8.5 Cracking Keyword Substitution Cipher

Attacking a keyword substitution cipher is not always easy. Although we can benefit from frequency analysis, it may only be good enough to give us a few elements from the key, and a long and complicated key may well cause serious problems.

There is however another technique, which can also be used in solving other ciphers, that we can employ, and is known as Hill Climbing.

The idea is as follows: for each potential key we assign a score as to how suitable that key is to be the correct key (we can use any suitable technique we like, such as some other type of frequency analysis). If small changes in the key result in small changes in the score, then we can then think of the results as providing us with a graph with the higher values representing more likely keys. We then ‘guess’ an initial key and work out its score. We then change the key slightly and recalculate the score. If this new score is ‘worse’ than the original, then we continue to make small changes to the key until we either get a ‘better’ key or run out of possible changes to the key.
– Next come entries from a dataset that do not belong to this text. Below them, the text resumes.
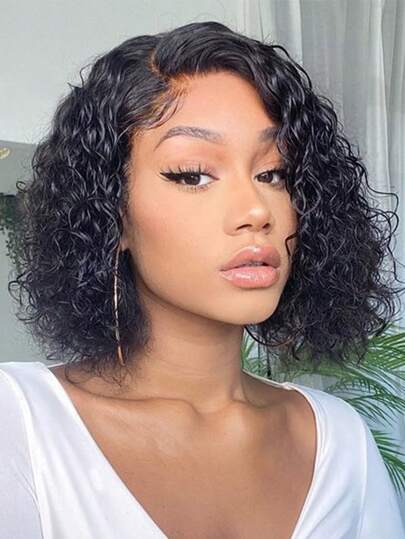 短卷发 BOB 13*4 蕾丝前假发 水卷曲人发透明蕾丝前假发 易于安装 自然外观巴西假发 预拔婴儿头发 自然发际线 180% 密度假发 女士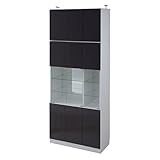 JKプラン Alnair　リビング収納庫 コレクションケース（鏡面仕上げ） 上ラック付き幅90cm ダークブラウン FAL-0014SET-DB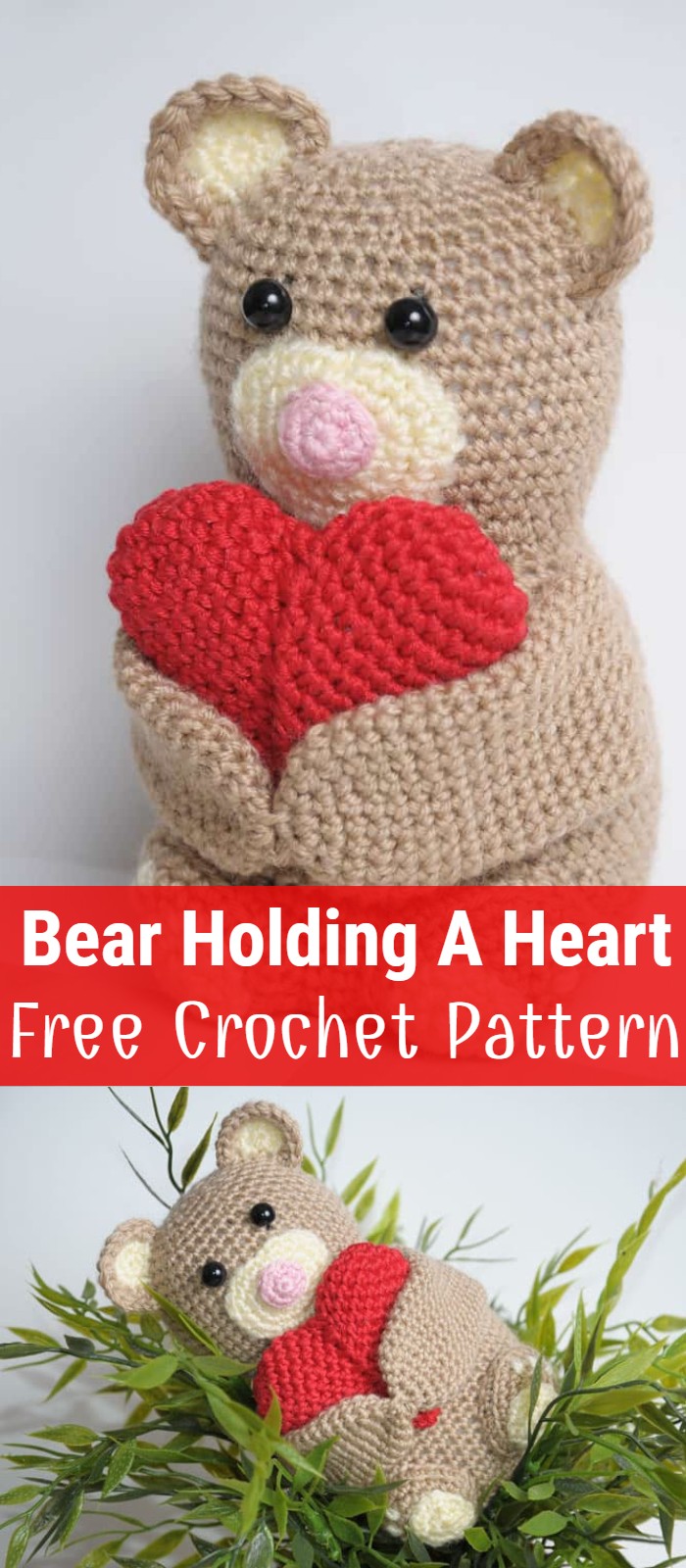 Crochet Teddy Bear Holding A Heart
If we get a better key, then we adopt that one as our current best bet and start the process over again, otherwise we stop the algorithm and our present key is then our best bet.

Hopefully, this will enable us to find the local maximum of the graph of scores, and with some luck, this local maximum may provide us with the correct key.

In Appendix I we have set up a form to encrypt and decrypt keyword substitution ciphers and added a version of the hill-climbing algorithm for you to play with.In our algorithm we use frequency analysis based on the frequency of trigrams, groups of three consecutive letters, but analysis using quadgrams (groups of 4 letters) is usually preferred as being more accurate.